Document#

A document is an individual piece of content that can be indexed and retrieved by from your search engine. Documents are a representation of your content that is stored in Silverstripe Search. Only content added into documents will be available to search on.

A document is made up of fields which have a key and a value. The key is the name of the field and this is the same for all documents within the engine. A field’s value represents the unique content of the document. For example your documents might have a key called title which you use to store the title of your pages such as “Home Page”, “About Page” etc. An example document could look like:

Field key Field value
titleHome Page
contentWelcome to the home page
url/
date_published2024-07-17 10:00:00

Giving your documents a structure like this, combined with a schema, allows you to use the full power of Silverstripe Search. In the above example, having a date_published allows you to create a search for all documents published after a certain date.
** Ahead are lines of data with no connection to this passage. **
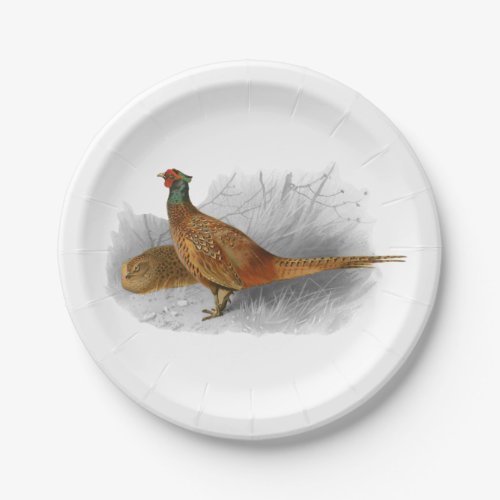 Vintage Pheasant Game Bird Drawing Color 3 Paper Plates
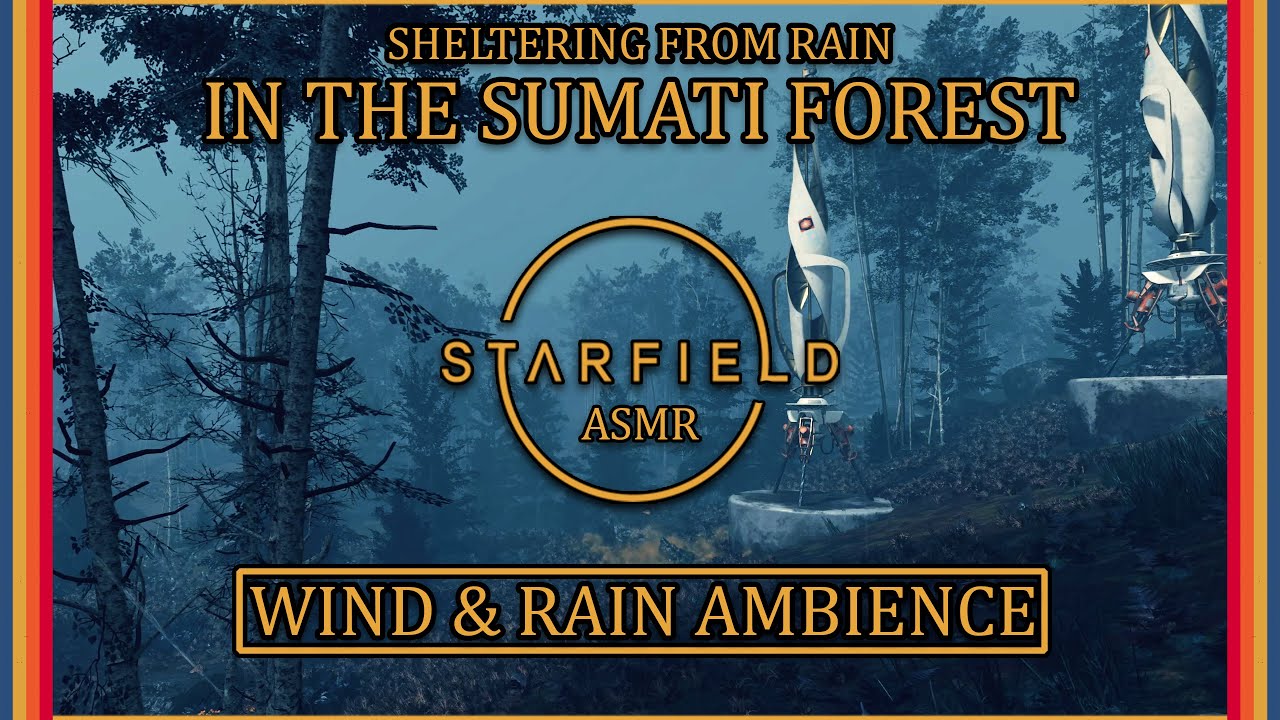 Stormy Night in a Forest • Starfield Ambience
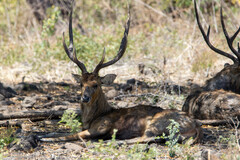 Rusa timorensis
Documents are added to an Engine programmatically, find out more in the Developer's guide.

Files#

Silverstripe Search can search files such as PDF (.pdf) and Microsoft Office (.docx) documents. To do this it extracts the file content into a Silverstripe Search Document. You can send the file, with the help of a developer, in a special binary type field called \_attachment. The service will then extract the content it can process and put in the body field. There is a 15MB limit on file size.

TIP

File content extraction is only supported on Tiers with Analyst features. For more information, see Features

Supported file types#

  • .txt
  • .py
  • .rst
  • .html
  • .markdown
  • .json
  • .xml
  • .csv
  • .md
  • .ppt
  • .rtf
  • .docx
  • .odt
  • .xls
  • .xlsx
  • .rb
  • .paper
  • .sh
  • .pptx
  • .pdf
  • .doc